Internally, most signature algorithms use hash functions. RSA-PSS, EdDSA and ML-DSA use them to provide something like randomness, and the security analysis of those signature schemes includes arguments assuming (in some very particular, technical ways) that the hash function outputs "look random".
Classical DSA and ECDSA do not use hash functions this way, but in my opinion they aren't stronger for it: they're basically assuming instead that some other mathematical function "looks random", which seems riskier than assuming that about a hash function. I've heard that the reason for this is to get around Schnorr's patent on doing it with hash functions, which has since expired.
The SHA3 and SHAKE hash functions (underlying e.g. ML-DSA) are explicitly designed to "look random" as well.
There are some signature schemes that try not to make such strong assumptions: in particular SLH-DSA targets properties more like first- and second-preimage resistance, target-collision-resistance, and so on.

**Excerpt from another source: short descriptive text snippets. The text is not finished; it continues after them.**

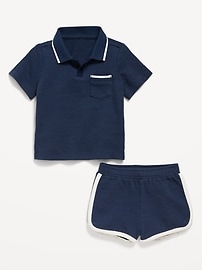 View large product image 3 of 3. Textured-Knit Collared Pocket Shirt and Shorts Set for Baby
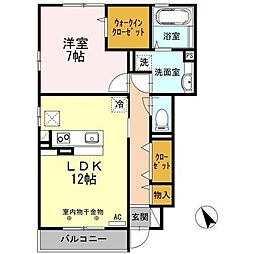 サンハイム青葉C 1LDKの間取図画像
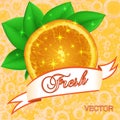 Juicy fresh orange background with leaves and ribbon.Vector Royalty Free Stock Photo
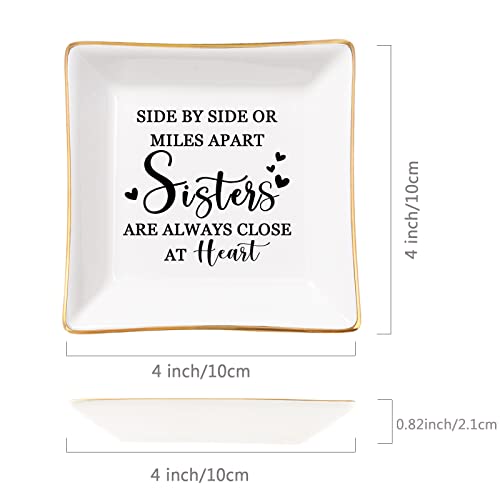 Spegiffu Sister Gifts Trinket Jewelry Dish- Side by side or miles apart, sisters are always close at heart, Sisters Birthday Gifts Mother's Day Valentines Christmas Gift for Sister from Sister - Image 5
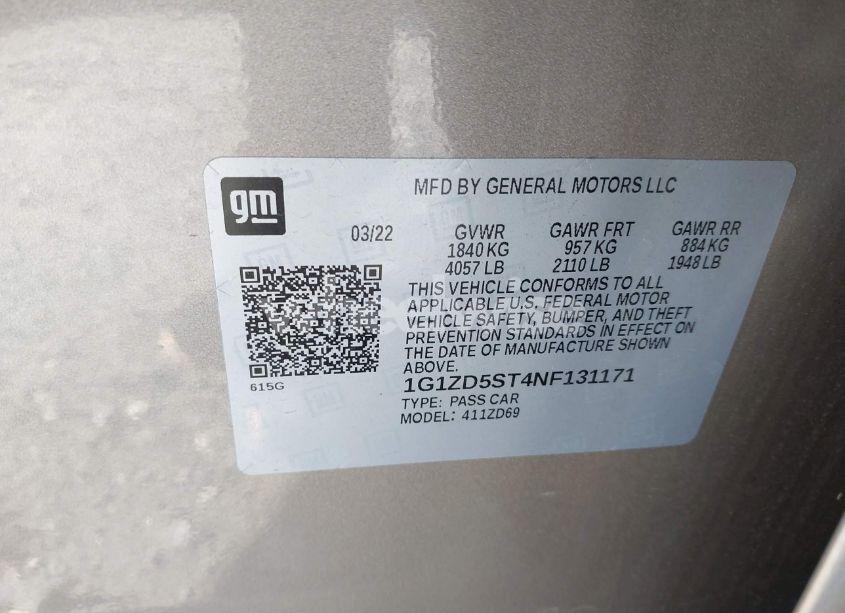 Photo 9 of 2022 Chevrolet Malibu FWD LT (VIN 1G1ZD5ST4NF131171)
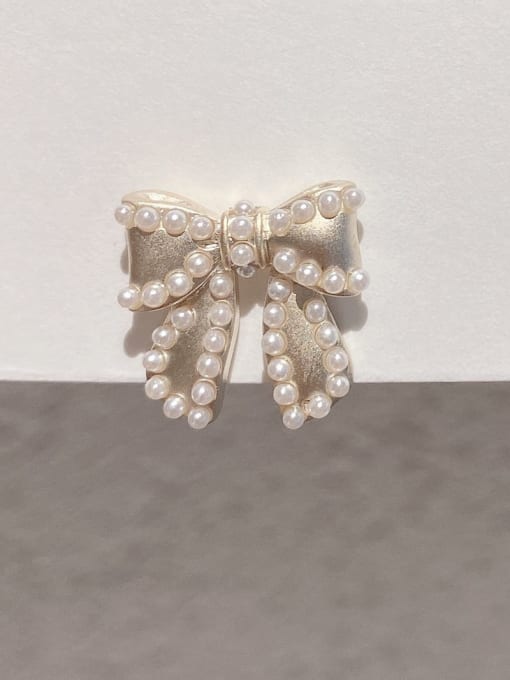 Sub gold bow Pearl Earrings Copper Alloy Imitation Pearl bow tie Dainty Stud Earring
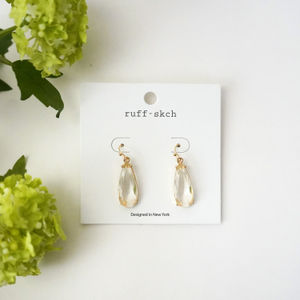 Gold Clear  Crystal Dangle Earrings Product Image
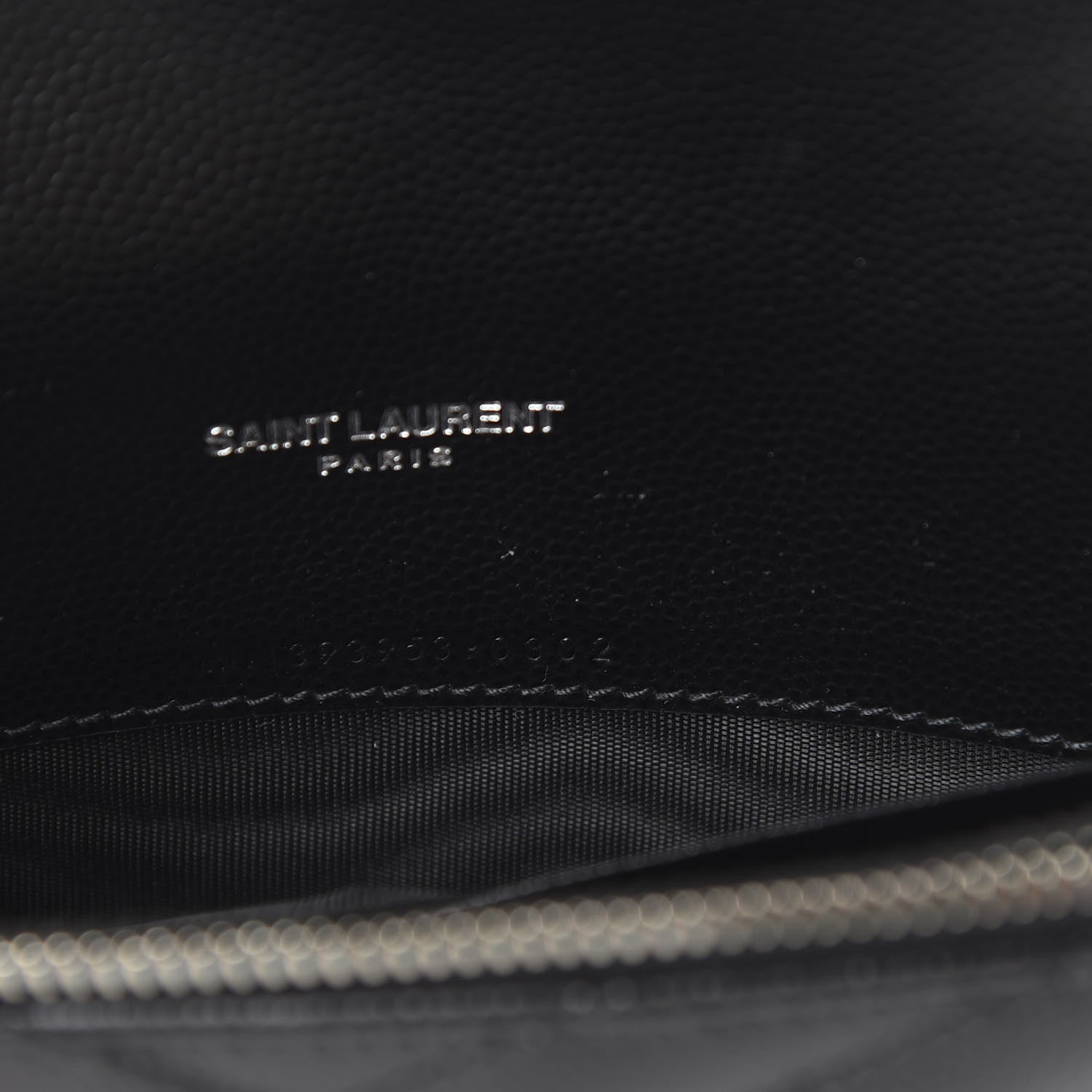 Saint Laurent Grain De Poudre Matelasse Chevron Monogram Envelope Chain Wallet Black 8 of 10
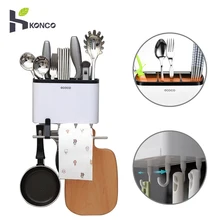 KONCO сушилка для посуды для кухонной посуды настенный держатель для столовых приборов палочки для еды органайзер для ножей с держателем для телефона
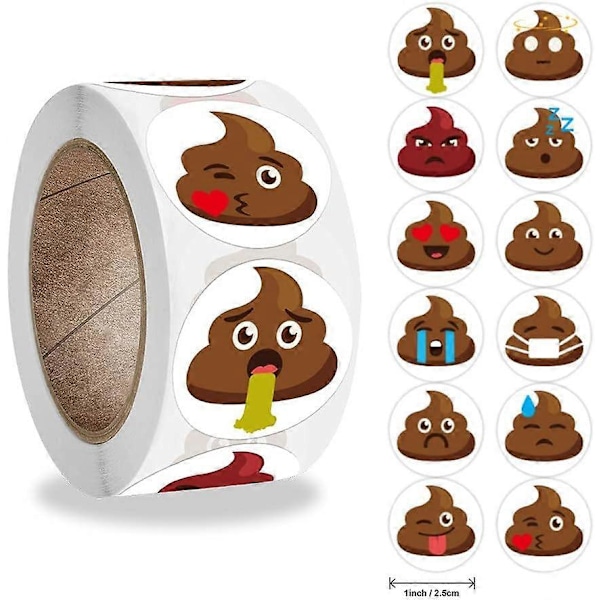 500 st/rulle Rolig Belöningssticker med Bajs, Rullformade Stickers, för Festpresent Tidningspresent Kontor Lärare Etikett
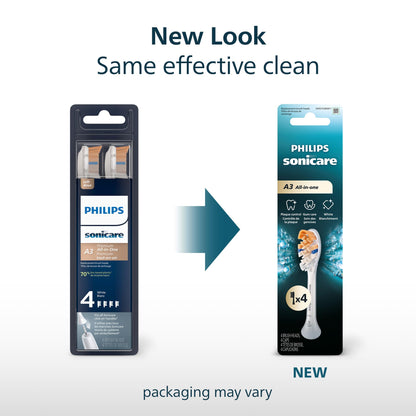 Philips Sonicare A3 All-in-One Genuine Replacement Electric Toothbrush Heads, 4 Pack One Year Supply, For effective whitening, plaque removal and better gum health, White, HX9094/65 🍁 All In One Marketplace Canada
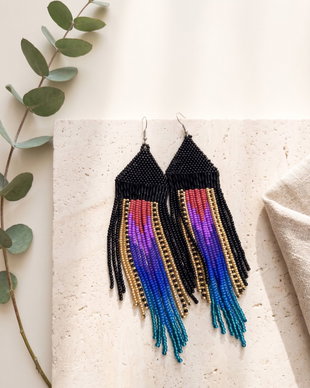Cercei lungi din mărgele cusute manual, cercei statement boho fringe, cercei mărgele sticlă multicolor, 16 cm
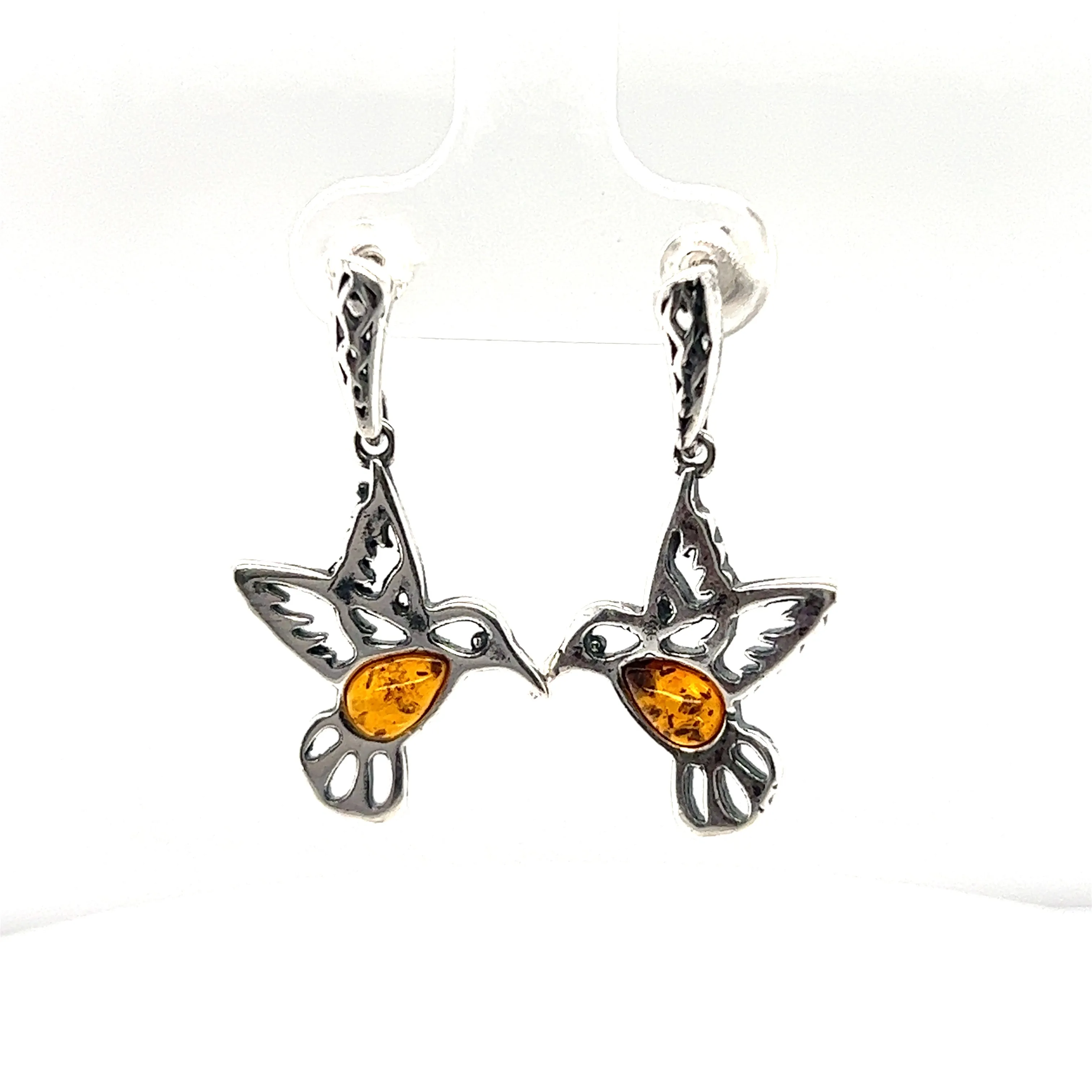 Amber Hummingbird Earrings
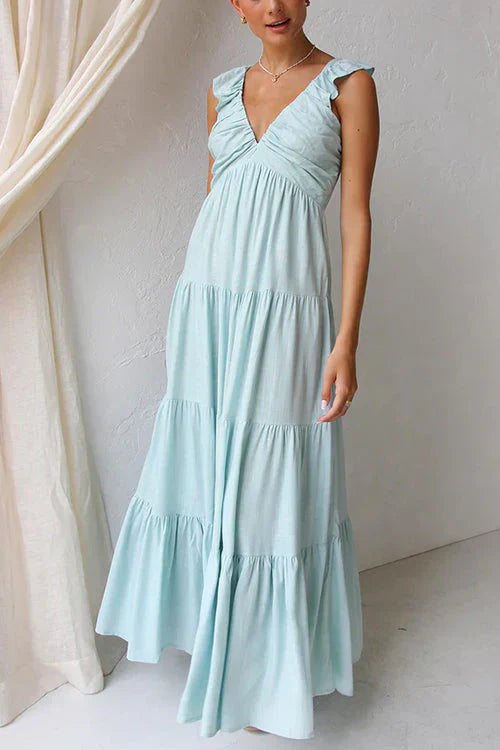 LD Margovil Sleeveless linen maxi dress with V-neck and ruffles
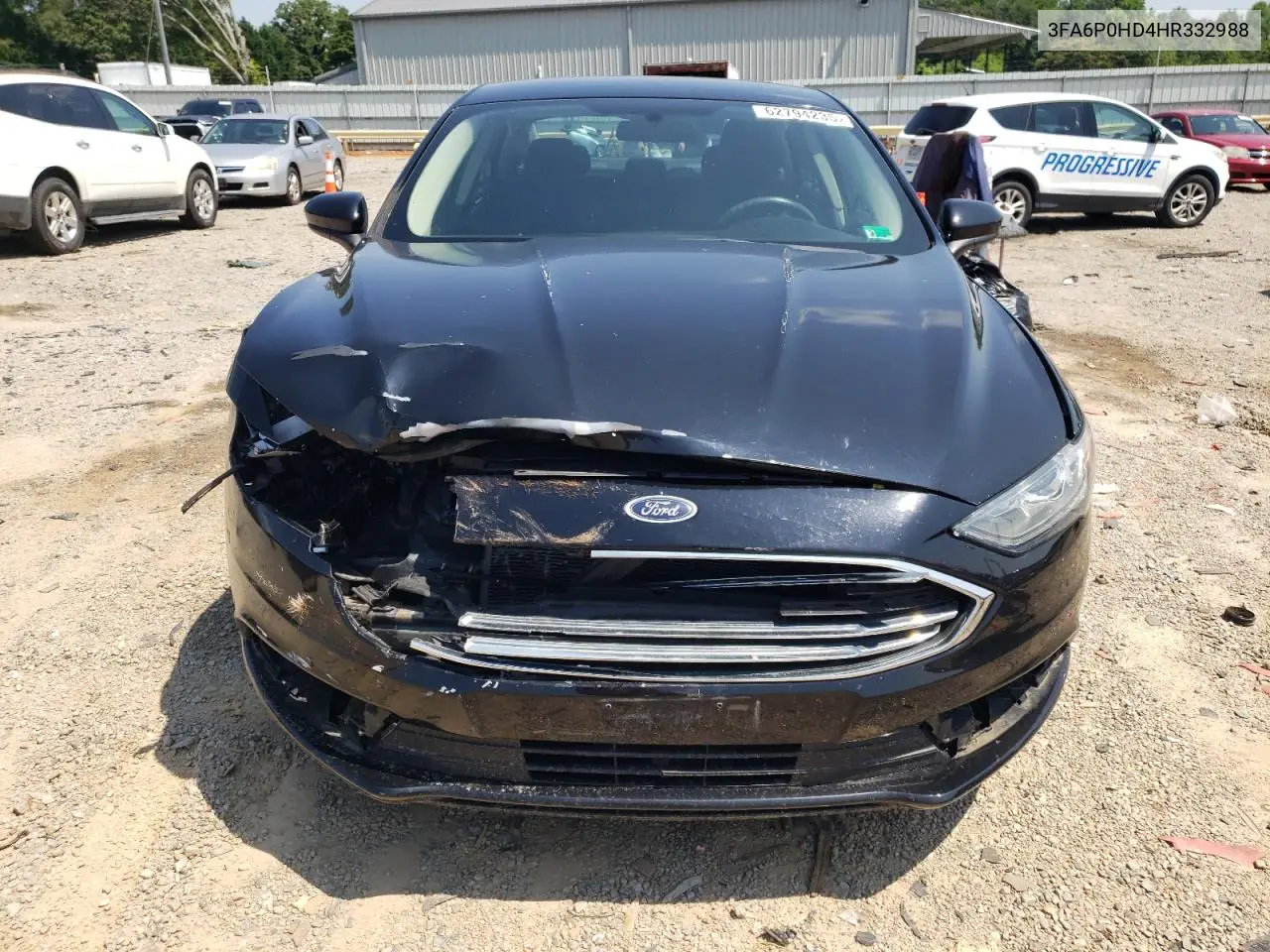 2017 Ford Fusion Se VIN: 3FA6P0HD4HR332988 Lot: 62794235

All the algorithms you mention are PKI. RSA uses two large prime numbers. I don't see what hash sequences have to do with this at all.
PKI isn't even really about randomness. RSA does use a kind of randomness to generate its large primes, but that is beneficial and not required. The primary consideration is the math to reverse guess a factor of two primes or the square root of a large number, or something else computers currently find cheap to compute in one way but extremely expensive to reverse.
The intro textbook descriptions of cryptographic systems omit a lot of very important details.
When using RSA to sign a message m, in practice you don't send m^d mod N. That would generally be insecure, depending on what kinds of messages your system sends and/or accepts. In practical systems, instead you hash m, and then adjust the hash through a (possibly randomized) process called "padding" to be a value in [0,N). There are different standards for padding, and the better designs use additional hashing.
The security of the system depends in part on the hashed-then-padded message "looking random", i.e. not having structure that can be exploited by an attacker. It turns out to be tricky to formalize what exact randomness property you need, so cryptosystems are often analyzed in the "random oracle model" (ROM) in which the hash function has impossibly strong randomness properties.
It seems that usually, if you use a strong hash function, a scheme that's proved secure in the ROM is secure in real life (or at least it's not the ROM part that breaks); the counterexamples are usually really contrived. This article is about a somewhat-less-contrived, but still not quite realistic, example where something that's secure in the ROM would break due to the ROM being an unrealistic model.
It's not wrong. The only thing preventing me from forging your certificate is my inability to generate a new cert which hashes to the same digest as what is in your cert's signature. I don't actually need the keys if I break the hash.
EDIT2: I'm doing a bad job of explaining this... you obviously need the keypair associated with the cert to initiate connections with it and not trigger MITM alerts. But if you break the hash function, you don't need the private key from the root cert, the verbatim signature from the original cert will appear to be valid when spliced into your forged cert if the hash digest computation on the forged cert is the same.
And checking the validity of a certificate involves checking a signature of... The certificate's hash. If you can break the underlying hash function, then the trust chain is broken.
Hashes should only be a reproducible label that cannot be used to produce the material described by the hash. When used for their intended purposes hashes serve as the strongest point of integrity until value collisions are discovered.